“Come’s fast as I could,” growled the other. “Needn’t think you—put on airs!”
By tacit alliance, Miles and the girl found themselves leaning on the platform rail, peering together into the darkness. All below was invisible, but they heard the boat come grating to land, the mutter of the voices, and the hollow, jerky beat of oars departing quickly, straight out from shore.
“Come on,” whispered Miles. “Come along. Let’s follow and see!”
The whim was contagious and inspiring. Together they scrambled down the snow-bank, joining hands for the steep slide. At the bottom Tony’s boat loomed gray before them, buried like a knoll. The tarpaulin, loaded with snow, clung heavy and obstinate; but Miles ripped it off at last, and slid the boat gently from the chocks.
“Dragging it will sound like the mischief,” he said. “Could you manage the bow?”
Luckily the boat was light, and as they staggered down the beach, winding among the black open patches and avoiding the ice, he felt, with a singular pride, that the girl held up her end gamely.

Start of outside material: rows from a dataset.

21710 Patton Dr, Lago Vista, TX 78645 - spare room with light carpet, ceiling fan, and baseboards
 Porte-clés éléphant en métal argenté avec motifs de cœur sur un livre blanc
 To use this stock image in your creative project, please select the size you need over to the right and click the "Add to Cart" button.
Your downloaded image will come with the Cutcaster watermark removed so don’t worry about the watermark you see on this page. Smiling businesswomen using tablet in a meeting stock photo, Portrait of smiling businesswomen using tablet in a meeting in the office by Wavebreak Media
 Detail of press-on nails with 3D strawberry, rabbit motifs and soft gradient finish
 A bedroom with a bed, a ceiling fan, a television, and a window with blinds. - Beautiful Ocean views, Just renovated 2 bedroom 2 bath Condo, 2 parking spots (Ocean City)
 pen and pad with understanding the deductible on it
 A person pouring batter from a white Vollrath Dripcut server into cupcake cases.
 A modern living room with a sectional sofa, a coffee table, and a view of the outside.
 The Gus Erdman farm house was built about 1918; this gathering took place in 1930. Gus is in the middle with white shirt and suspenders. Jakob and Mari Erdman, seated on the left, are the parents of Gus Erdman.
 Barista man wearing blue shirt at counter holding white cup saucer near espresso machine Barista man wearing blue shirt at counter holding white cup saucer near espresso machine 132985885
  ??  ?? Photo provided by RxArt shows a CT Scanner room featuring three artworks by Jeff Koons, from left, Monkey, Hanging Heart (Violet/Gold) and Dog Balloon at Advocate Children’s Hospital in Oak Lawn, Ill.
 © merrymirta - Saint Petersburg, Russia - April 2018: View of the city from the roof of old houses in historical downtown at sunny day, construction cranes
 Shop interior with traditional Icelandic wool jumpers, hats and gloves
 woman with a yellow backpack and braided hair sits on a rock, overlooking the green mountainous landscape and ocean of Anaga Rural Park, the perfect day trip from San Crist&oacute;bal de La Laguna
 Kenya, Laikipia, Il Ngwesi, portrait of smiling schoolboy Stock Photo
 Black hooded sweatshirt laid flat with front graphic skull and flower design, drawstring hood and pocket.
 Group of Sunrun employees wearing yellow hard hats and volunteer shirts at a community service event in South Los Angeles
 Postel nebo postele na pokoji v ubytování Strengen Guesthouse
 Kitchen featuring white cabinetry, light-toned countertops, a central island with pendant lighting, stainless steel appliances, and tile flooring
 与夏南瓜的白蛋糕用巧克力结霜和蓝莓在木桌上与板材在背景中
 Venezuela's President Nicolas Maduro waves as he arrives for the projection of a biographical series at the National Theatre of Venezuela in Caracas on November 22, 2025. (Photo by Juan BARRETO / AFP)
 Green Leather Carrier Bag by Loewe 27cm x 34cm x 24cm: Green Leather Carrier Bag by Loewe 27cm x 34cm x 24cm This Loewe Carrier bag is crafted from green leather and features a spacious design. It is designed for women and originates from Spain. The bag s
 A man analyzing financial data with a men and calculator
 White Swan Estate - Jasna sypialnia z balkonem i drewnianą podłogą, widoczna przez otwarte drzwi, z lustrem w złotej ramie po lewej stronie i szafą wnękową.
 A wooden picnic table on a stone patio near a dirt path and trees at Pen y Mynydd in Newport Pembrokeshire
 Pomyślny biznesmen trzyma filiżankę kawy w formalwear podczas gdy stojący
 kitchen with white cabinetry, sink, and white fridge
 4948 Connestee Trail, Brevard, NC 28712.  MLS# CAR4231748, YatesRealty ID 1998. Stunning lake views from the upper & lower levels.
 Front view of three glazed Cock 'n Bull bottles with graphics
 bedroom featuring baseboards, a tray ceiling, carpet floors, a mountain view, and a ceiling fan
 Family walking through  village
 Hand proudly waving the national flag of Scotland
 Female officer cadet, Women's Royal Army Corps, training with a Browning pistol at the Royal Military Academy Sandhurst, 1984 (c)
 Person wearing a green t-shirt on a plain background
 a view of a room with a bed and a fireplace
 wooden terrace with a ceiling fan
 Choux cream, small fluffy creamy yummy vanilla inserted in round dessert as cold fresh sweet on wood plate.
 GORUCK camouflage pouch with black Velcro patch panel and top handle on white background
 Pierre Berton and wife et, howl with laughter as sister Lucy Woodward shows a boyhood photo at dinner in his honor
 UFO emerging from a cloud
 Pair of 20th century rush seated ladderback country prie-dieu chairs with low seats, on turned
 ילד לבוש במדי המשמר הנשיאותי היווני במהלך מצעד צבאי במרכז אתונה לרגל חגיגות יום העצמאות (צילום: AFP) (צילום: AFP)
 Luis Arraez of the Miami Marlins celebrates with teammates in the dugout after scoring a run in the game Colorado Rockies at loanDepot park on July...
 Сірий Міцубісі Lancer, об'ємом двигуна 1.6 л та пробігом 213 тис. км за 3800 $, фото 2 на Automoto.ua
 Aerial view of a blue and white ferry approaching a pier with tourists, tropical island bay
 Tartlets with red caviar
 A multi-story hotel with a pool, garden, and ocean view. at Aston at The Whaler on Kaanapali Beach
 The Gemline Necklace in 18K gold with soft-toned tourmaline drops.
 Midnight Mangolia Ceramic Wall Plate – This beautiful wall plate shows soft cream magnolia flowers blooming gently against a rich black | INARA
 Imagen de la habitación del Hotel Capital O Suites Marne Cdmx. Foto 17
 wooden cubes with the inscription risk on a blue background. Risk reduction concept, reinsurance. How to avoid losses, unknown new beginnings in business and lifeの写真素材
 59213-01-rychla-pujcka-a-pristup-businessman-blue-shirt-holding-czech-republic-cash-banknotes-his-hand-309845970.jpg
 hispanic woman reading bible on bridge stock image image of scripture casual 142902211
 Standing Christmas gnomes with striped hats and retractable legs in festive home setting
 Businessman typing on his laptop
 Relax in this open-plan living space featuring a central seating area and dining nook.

He had allowed the two men a long start, and still listened, till their oars sounded feebly across the water.
“Ready,” he said at last.
She brushed past him into the stern. He shoved off, muffled the rowlocks in his woolen scarf and a boat-mop of frozen jute, and rowed slowly out, with only a faint creaking, and the steady trickle from the blades. Astern, as the shore retreated, the twin lights drew imperceptibly toward each other. Their glow left the water in darkness, and, dwindling, became fixed, lustrous points, as of two erring planets sunken low, on the wrong side of the horizon. Out here the river lay black under the starlight, which, no longer reflected by the snow, seemed to have raised and withdrawn aloft. Far ahead the oars were beating regular as a pulse,—a dull throbbing that alone disturbed the night, except when thin peals of untimely cock-crow sounded, faint as muted horns, from indoors, across wide distances.
“Don’t they seem strange?” said the girl, half to herself. “Like something—like a ghost story.”